Under-Secretary of State for the Home Department
- In office 25 May 1866 – 26 June 1866
- Monarch: Victoria
- Prime Minister: The Earl Russell
- Preceded by: Thomas Baring
- Succeeded by: The Earl Belmore
- In office 10 December 1868 – 11 January 1871
- Monarch: Victoria
- Prime Minister: William Ewart Gladstone
- Preceded by: Sir Michael Hicks-Beach, Bt
- Succeeded by: George Shaw-Lefevre

Under-Secretary of State for the Colonies
- In office 14 January 1871 – 17 February 1874
- Monarch: Victoria
- Prime Minister: William Ewart Gladstone
- Preceded by: William Monsell
- Succeeded by: James Lowther

Personal details
- Born: 29 April 1829
- Died: 6 February 1893 (aged 63)
- Party: Liberal (to 1880), Conservative (after 1880)
- Spouse(s): (1) Anna Maria Elizabeth Southwell (d. 1889) (2) Ethel Mary Walker
- Education: Magdalen College, Oxford

= Edward Knatchbull-Hugessen, 1st Baron Brabourne =

British Liberal and later Conservative politician

Edward Hugessen Knatchbull-Hugessen, 1st Baron Brabourne (29 April 1829 – 6 February 1893), known as E. H. Knatchbull-Hugessen, was a British Liberal and later Conservative politician. He served as Under-Secretary of State for the Home Department under Lord Russell in 1866 and under William Ewart Gladstone from 1868 to 1871 and was also Under-Secretary of State for the Colonies under Gladstone from 1871 to 1874. In 1880 he was elevated to the peerage as Baron Brabourne.

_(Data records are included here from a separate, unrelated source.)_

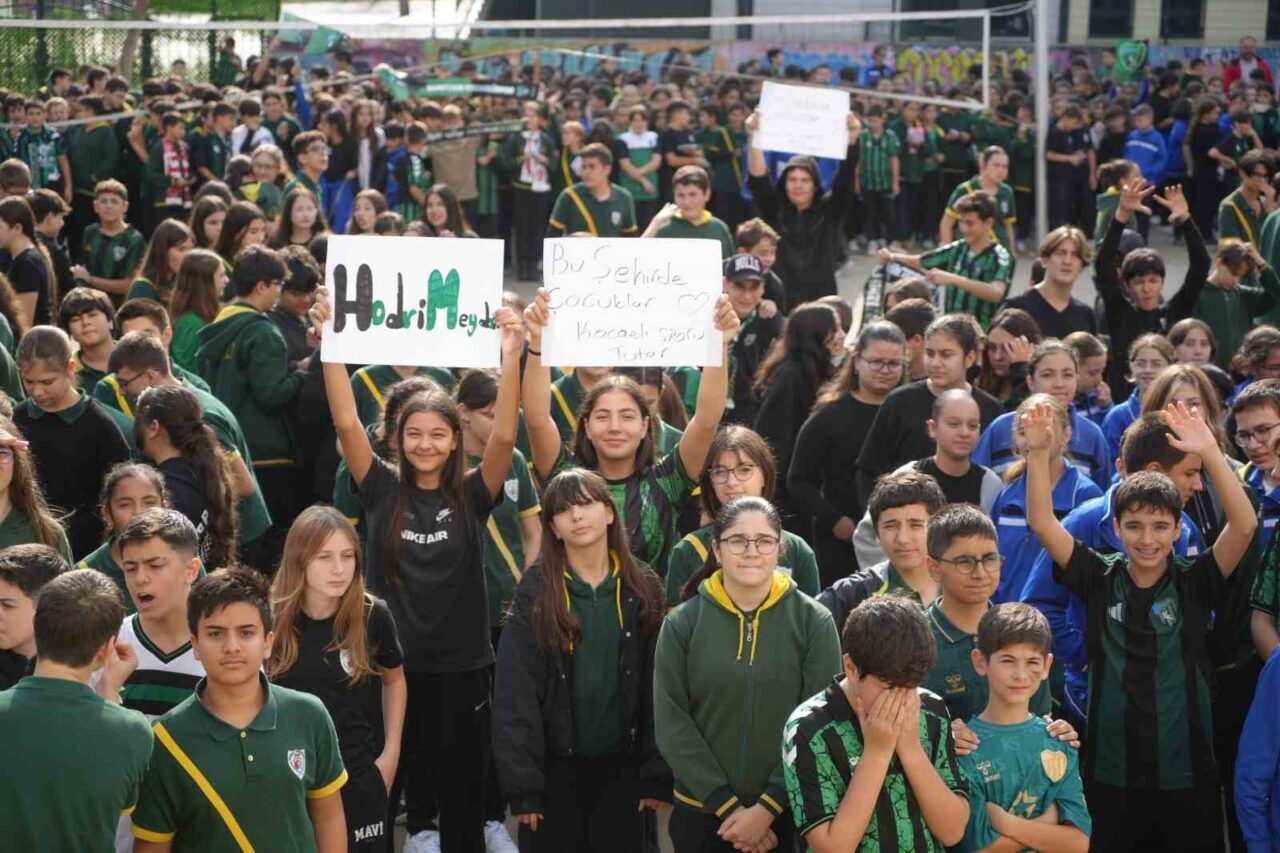 Kocaelispor, futbolcularıyla öğrencilere yönelik okul ziyaretlerine devam ediyor. Hrvoje Smolcic,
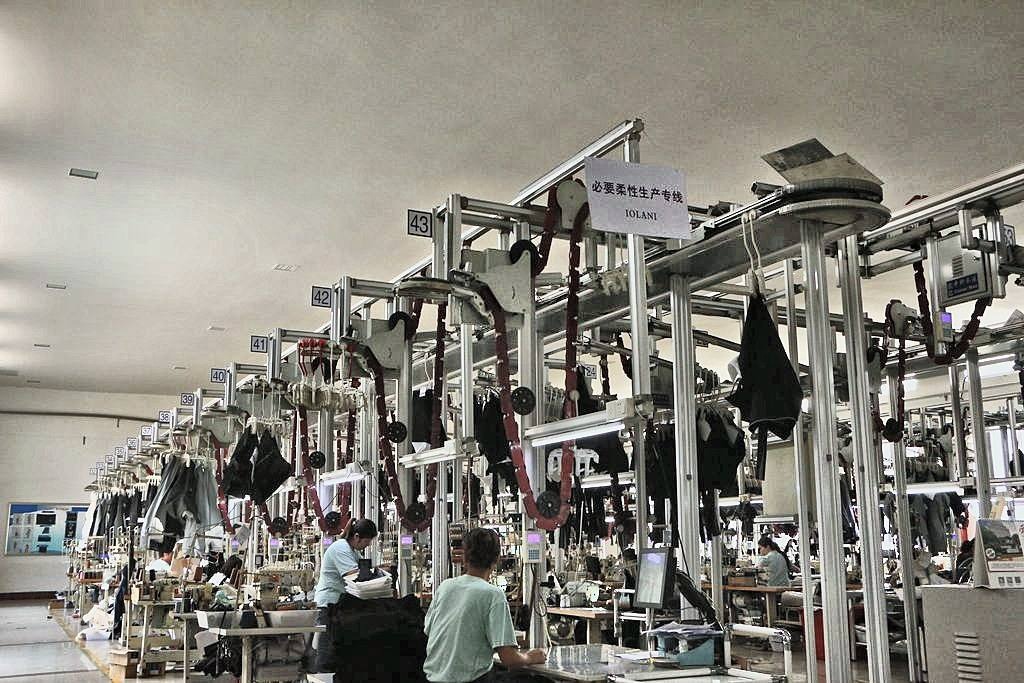 Hanger System for Denim & Casualwear — CleverMax hanger system on the production floor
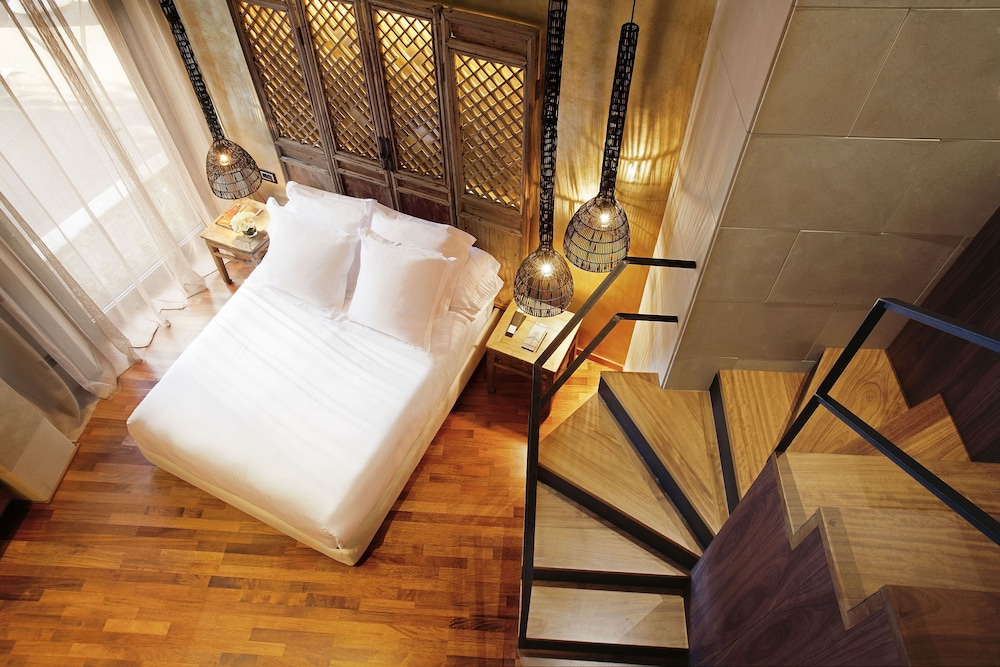Suite (Duplex)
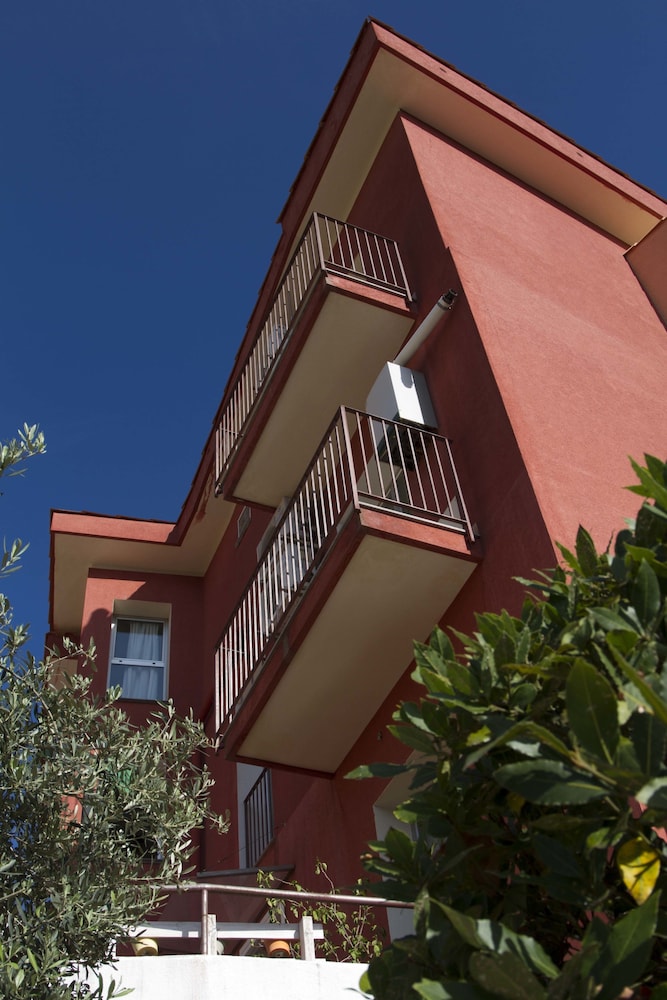 Casa Rossa 2/71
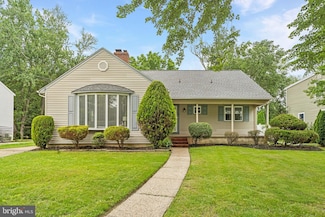 308 N Woodstock Dr, Cherry Hill, NJ 08034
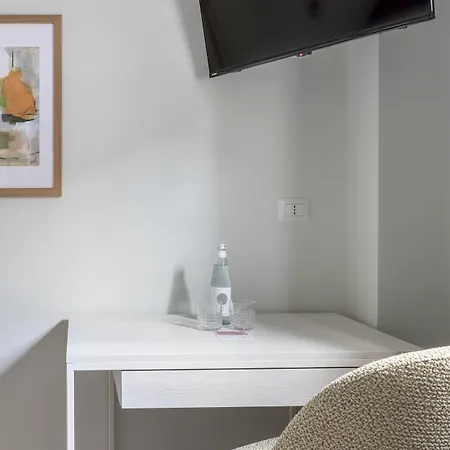 Hotel Numa Portico 4*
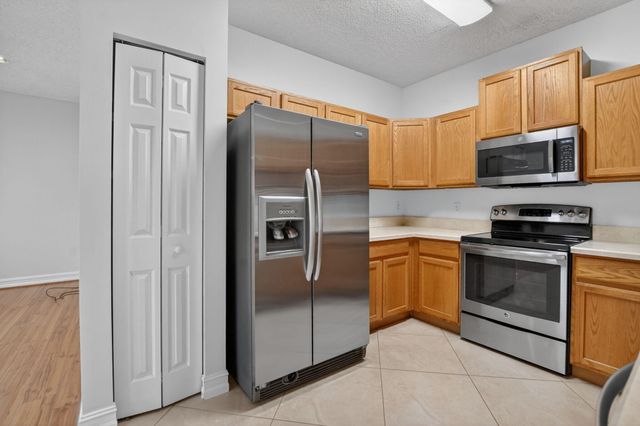 21270 Vía Eden, Boca Raton, FL 33433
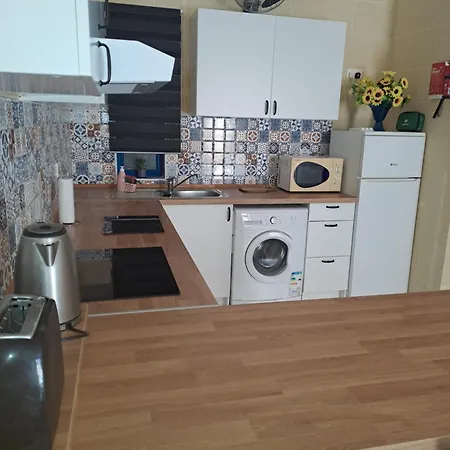 Gozo, 2 Bedroom With Communal Pool *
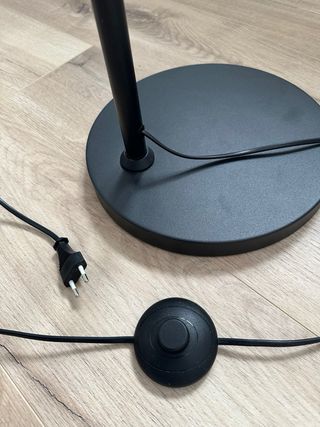 Lampara de pie estilo industrial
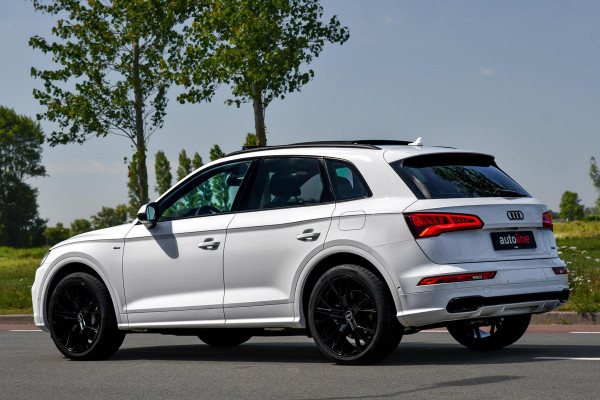 Audi Q5 55 TFSI e quattro Competition 3x S-Line. Luchtv, Pano, ACC, 360, B&O, Trekh, Stuurvw, Keyless, Matrix, CarPlay, Dodeh!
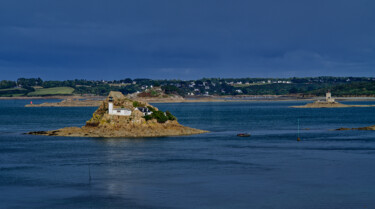 Fotografia intitulada "Carantec, l'île Lou…" por Thierry Martin, Obras de arte originais, Fotografia digital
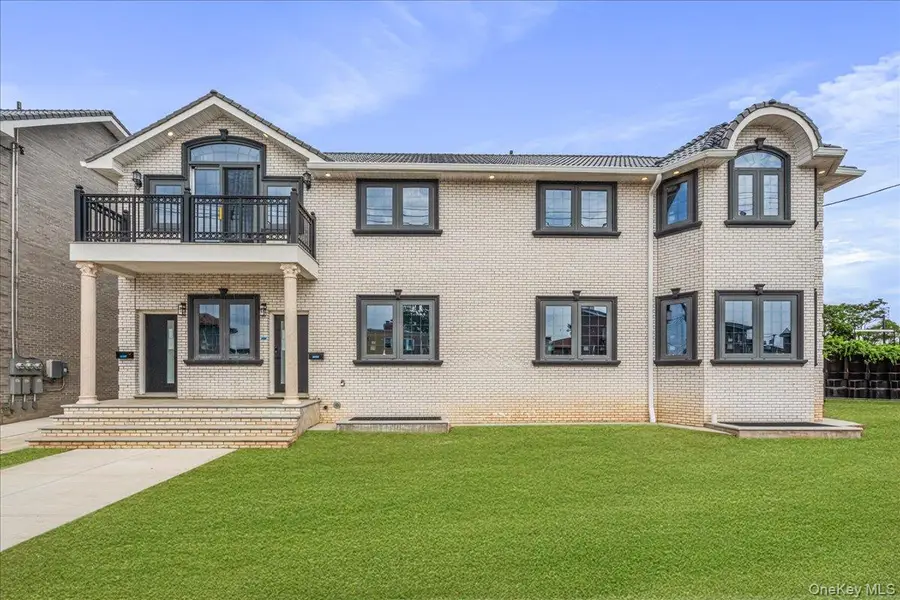 150-33 Hawtree Street, Ozone Park, NY 11417 - Image #2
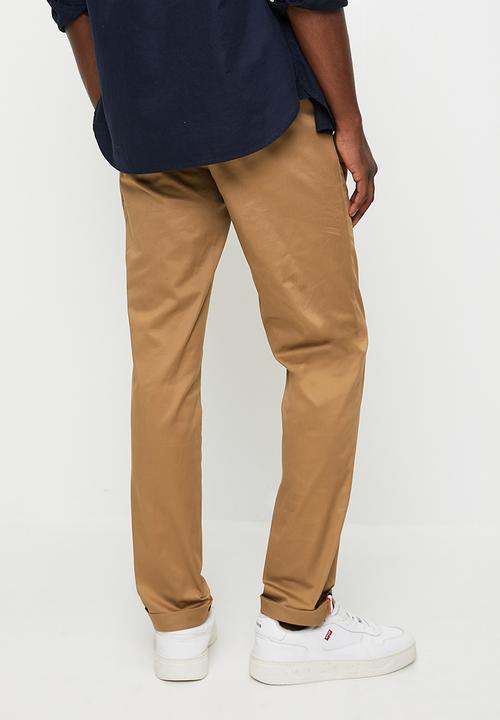 Ben Sherman - ESSENTIAL BEN SHERMAN CHINO PANT - CAMEL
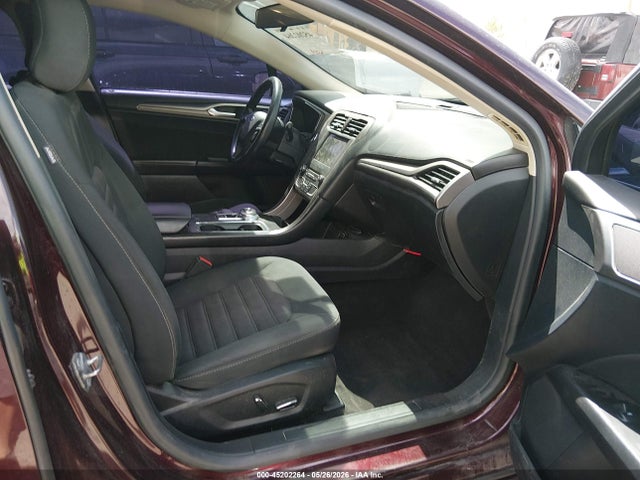 45202264 :رقم المزاد ، 3FA6P0H70HR398609 vin ، 2017 Ford Fusion Se مزاد بيع
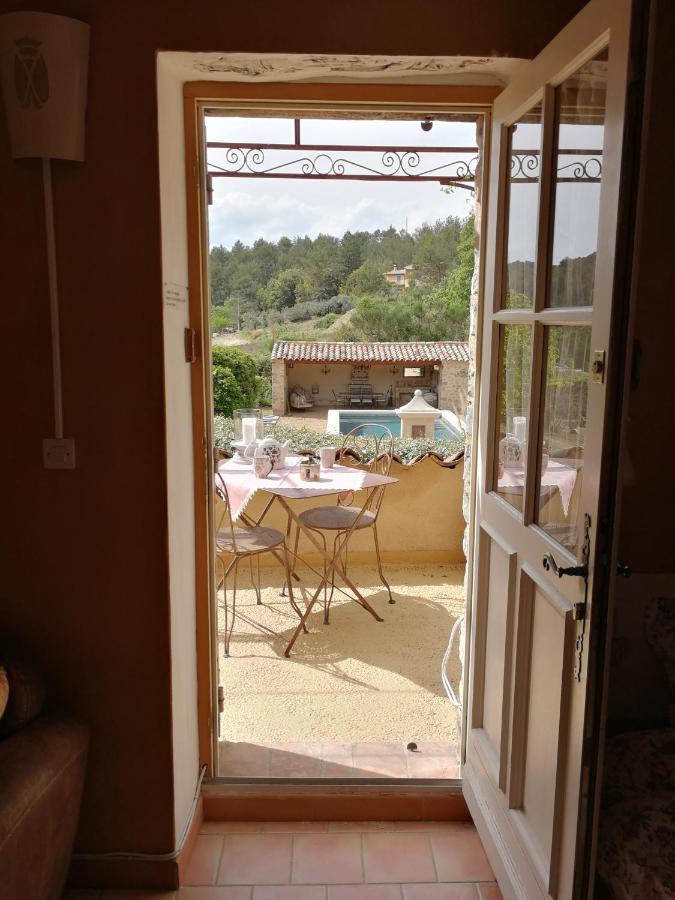 Hôtel Mas en Baronnies Provençales à Eygaliers  Chambre photo
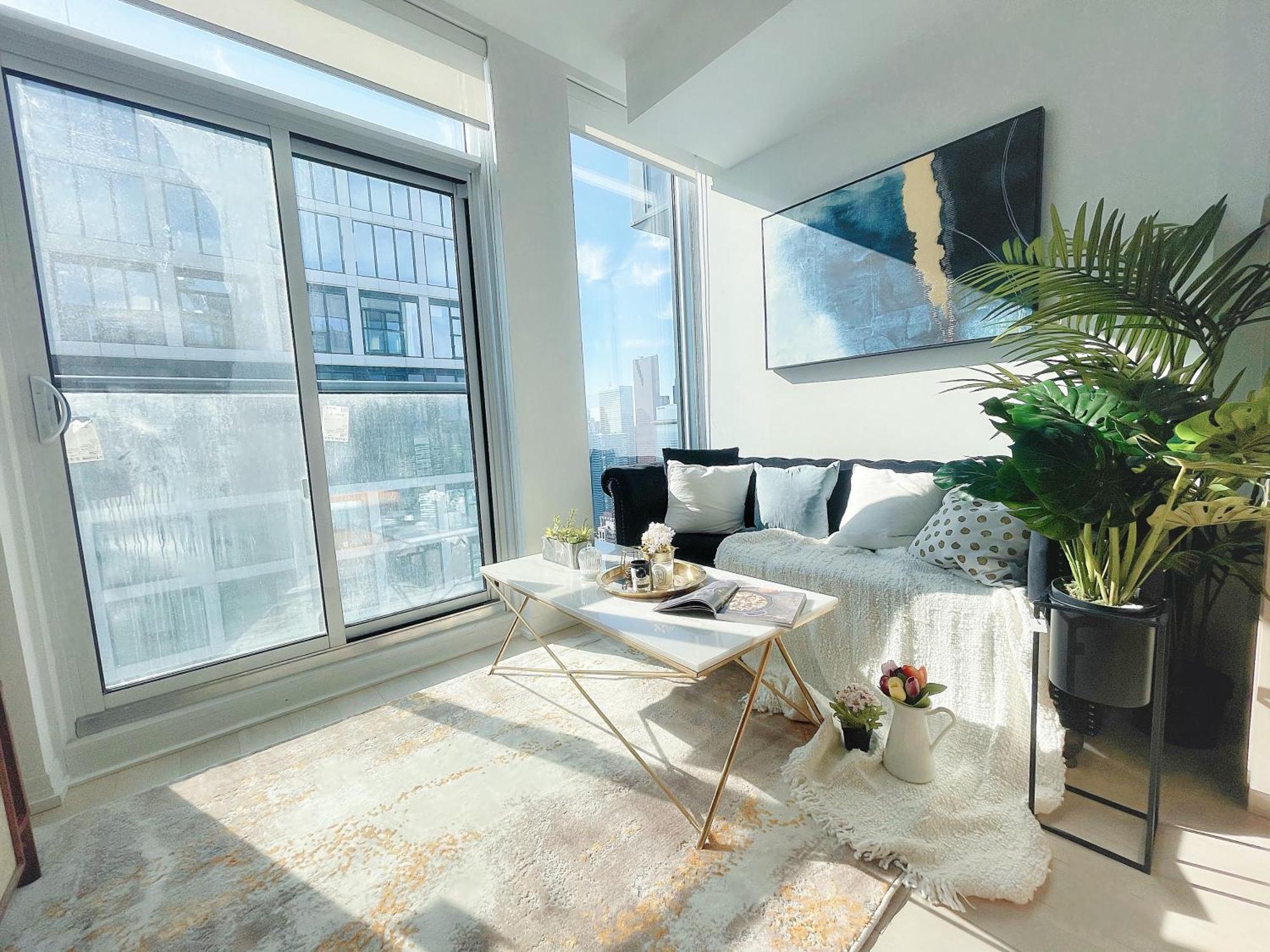 Apartment Infivilla Boutique Penthouse-live In The Sky With Amazing Lakeview! Downtown Toronto!b Toronto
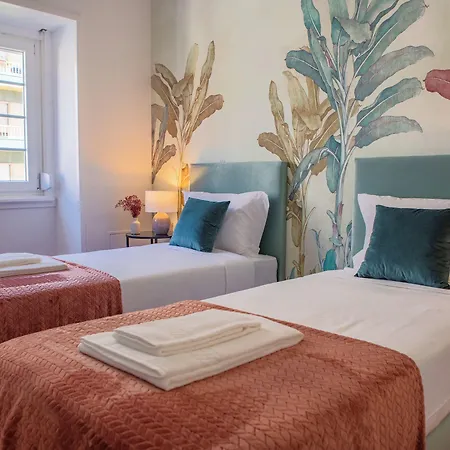Succeed Campo Pequeno Suites-3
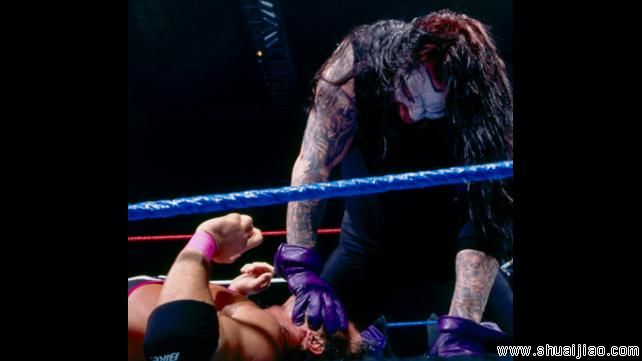 WWE中令人恐怖的面具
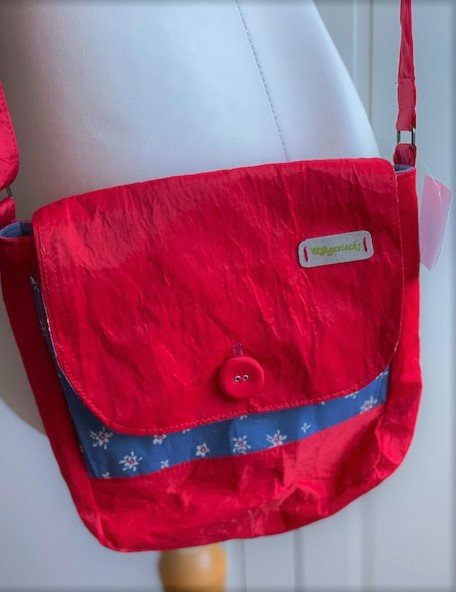 Nachhaltige Mode Umhängetasche Upcycling UPgesteckt das neue Label Rot Unikat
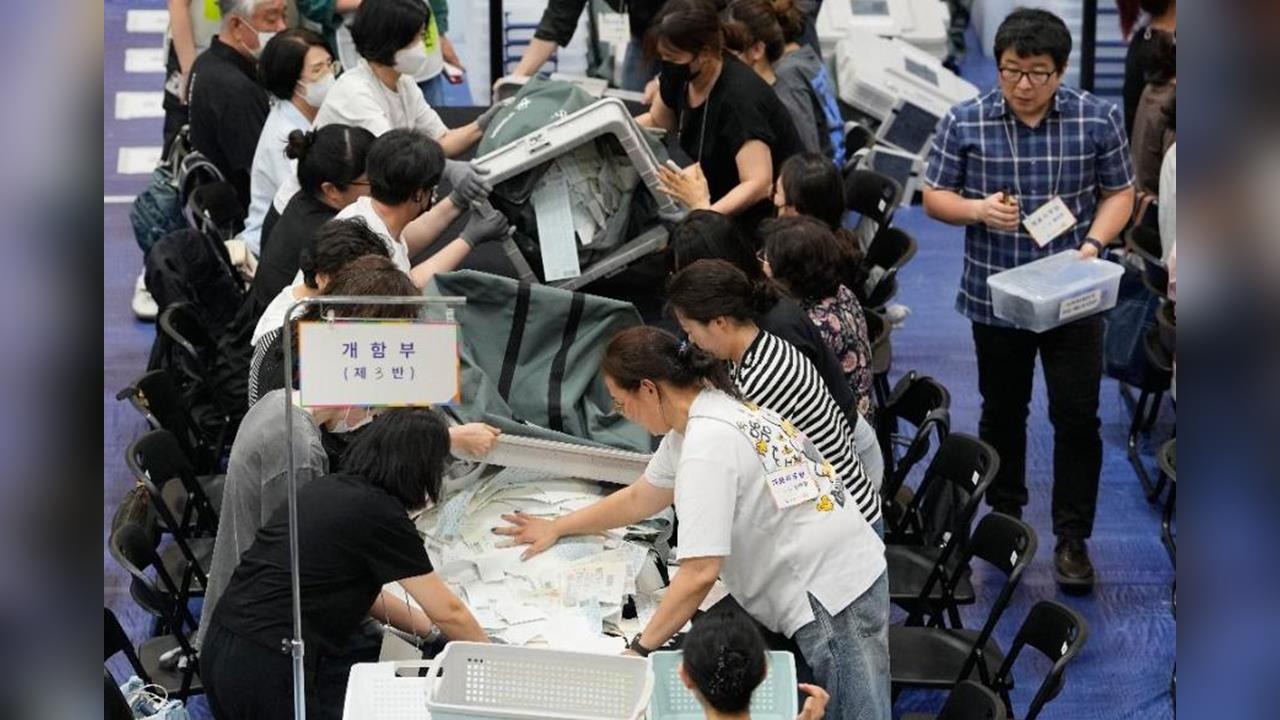 快新聞／南韓地方大選爆「選票紙不足」　抗議民眾喊：應學台灣投票機制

==Background and education==
Born Edward Hugessen Knatchbull, he was the younger son of Sir Edward Knatchbull, 9th Baronet, who twice served as Paymaster General, and his second wife Fanny Catherine Knight, who was a niece of author Jane Austen. In 1849 he assumed by Royal licence the additional surname of Hugessen, which was the maiden surname of his father's mother. Knatchbull-Hugessen was educated at Eton and Magdalen College, Oxford, where he was President of the Oxford Union. During his Oxford days, he was a strong proponent of agricultural protection, and as President of the Oxford Union in 1850 he helped to instigate the famous three-night-long debate on the motion: ‘That the state of the nation imperatively requires a return to Protection’. The motion was supported by Robert Cecil, the future Prime Minister, and Knatchbull-Hugessen concluded the proposition arguments on 28 February 1850, declaring that:

'From one end of the country to the other, Protection is becoming the glorious watchword of thousands of true Englishmen.  To check the tide of revolutionary agitation – to prefer your own countrymen to foreigners – to ameliorate, to vindicate – is not this a high, a national cause?'

The motion passed by 102 votes to 31.

He owned 4,000 acres in Kent.

==Political career==
In 1857 Knatchbull-Hugessen was elected Member of Parliament for Sandwich, a seat he would hold until 1880. He served as a Lord of the Treasury under Lord Palmerston from 1859 to 1860, as Under-Secretary of State for Home Affairs under Lord Russell in 1866 and under Gladstone from 1868 to 1871 and as Under-Secretary of State for the Colonies under Gladstone from 1871 to 1874. He was admitted to the Privy Council in 1873 and raised to the peerage as Baron Brabourne, of Brabourne in the County of Kent, in 1880. Shortly after becoming a peer he joined the Conservative party, citing his opposition to the interventionist policies of Radicals like Joseph Chamberlain. In 1882 he became a founding member of the Liberty and Property Defence League.

==Literary work==

Though forgotten and unread today, Knatchbull-Hugessen wrote many well-known short stories of fantasy and faery. He produced a book or two of these stories each year from 1869 to 1894. Some sources on his life, such as Encyclopaedia of Fantasy say 12 such books. Others, such as Oxford Reference, say 15. The collections were popular and commercial successes in the Christmas book market, and his publishers illustrated them with the leading illustrators of their time such as Gustav Doré and Richard Doyle. Far from being the blandly moralistic fare of the later Victorian period, The Times newspaper noted that his stories... "are of a very high order; light and brilliant narrative flow from his pen, and is fed by an invention as graceful as it is inexhaustible." He was widely likened by the reviewers to masters of the fairy-tale such as Grimm and Andersen, and his prolific output of the tales even led a critic at The British Quarterly Review to question his dedication to his job at the Colonial Office... "We should like to know whether Mr. Knatchbull-Hugessen maintains his intercourse with the fairies of the Colonial Office. If so, what department of office duty is specially favourable to them; whether, too, they come when Parliament breaks up, or whether their visits are intermittent all the year round."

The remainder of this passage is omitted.